The Election Rules Committee (ERC) is set to hear grievances against the winning ticket of the student body presidential elections at a public hearing, yet its decision may not determine the next student body president.

Grievances filed by both the Melissa Leddy-Christina McLaughlin ticket and the Jason Funes-James O’Connor ticket will be heard at a public hearing today at noon in the Student Government (SG) Chambers in the Marshall Student Center. However, the process may not end there, SG advisor Gary Manka said.

“If the grievances go through and they’re upheld, it could go to the (SG) Supreme Court and it would be (an SG) Supreme Court decision,” Manka said.

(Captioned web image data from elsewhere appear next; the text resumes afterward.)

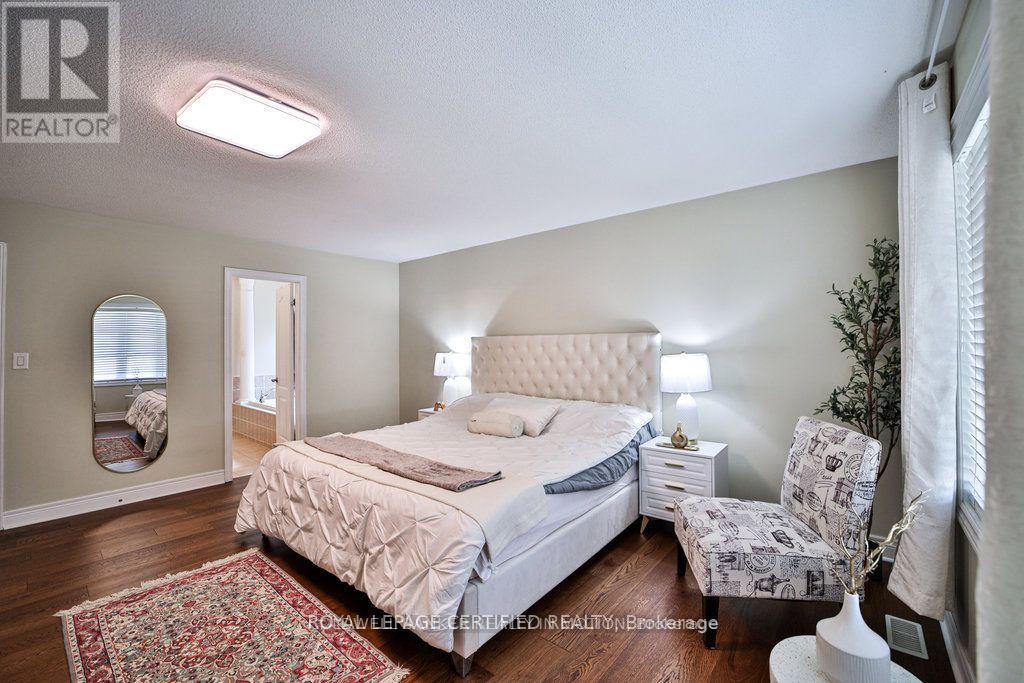1335 Arrowhead Road, Oakville, Ontario  L6H 0B2 - Photo 30 - W12412257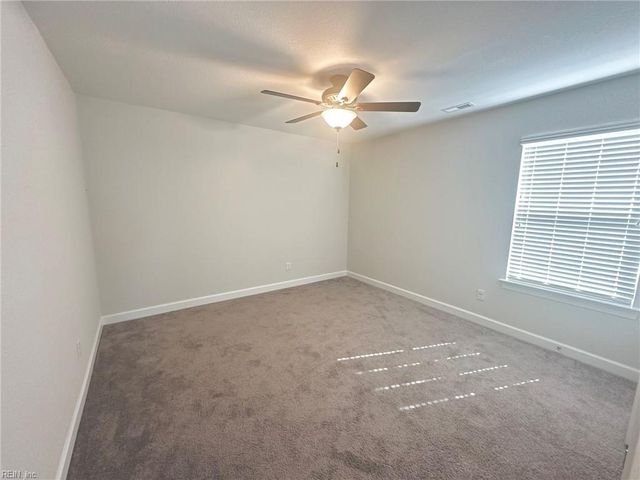 121 Sandcastle CIR, Suffolk, VA 23434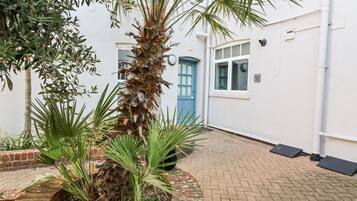 Cottage | Exterior detail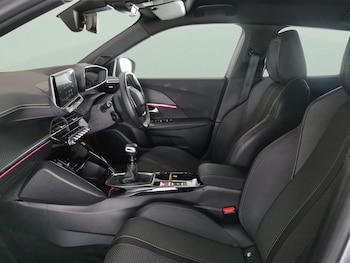 Used Peugeot 2008 2023 for sale - 79492290: Photo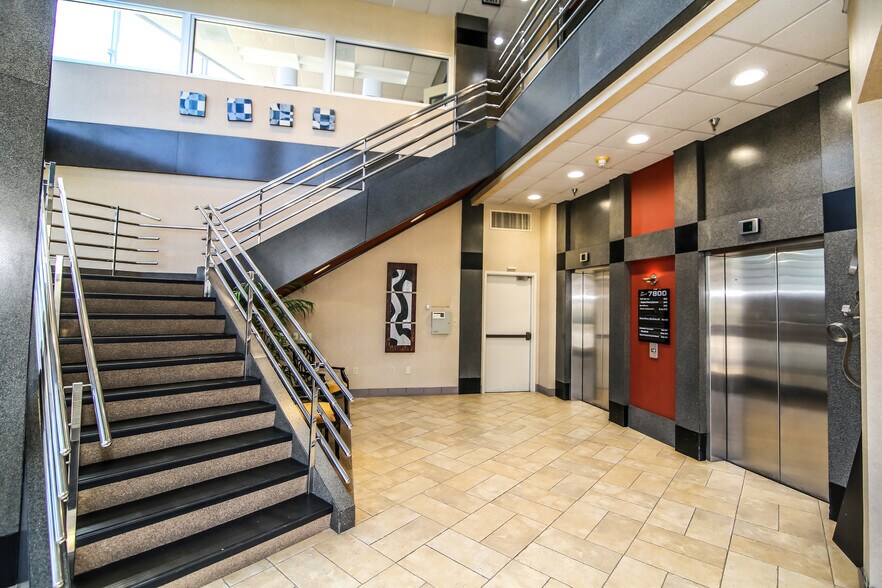 More Photos Of 7800 Madison Blvd, Huntsville Medical For Lease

The four grievances will be heard and ruled on separately by the ERC. The Leddy-McLaughlin ticket accused the winning ticket, Matthew Diaz-Zachary Johnson, of operating a mobile polling station and sliding campaign materials under student dorm room doors, while the Funes-O’Conner ticket claims they campaigned within 50 feet of a polling station and chalked in an area restricted from campaigning.

If the ERC determines the Diaz-Johnson ticket is guilty of three minor violations or one major violation, they would be disqualified from the race, though they could appeal that decision to the SG Supreme Court. Likewise, the Leddy-McLaughlin ticket or Funes-O’Connor ticket could appeal if they are unsatisfied with the ERC’s decision.

Of the four grievances filed, Leddy-McLaughlin filed one grievance that could be become a major violation by the ERC. The other three grievances would result in minor violations if upheld by the ERC.

Manka said he thinks some of the grievances will fail today.

“It’s not my decision of course, but some of the (grievances) could be thrown out, because some of the complaints cite statutes that don’t even exist,” he said.

The grievance against Diaz-Johnson for campaigning within 50 feet of a polling station filed by Funes was listed as “1.1.1 minor violation.” The correct listing can be found under section 8.11.2 Minor Violation I of the ERC Rules of Procedure (ROP). The grievance filed by O’Connor for chalking in a restricted area should have been listed as 8.11.2 Minor Violation E, but was not.

Misfiled grievances should work in favor of Diaz and Johnson, the ticket’s campaign manager Joseph Anastasio said.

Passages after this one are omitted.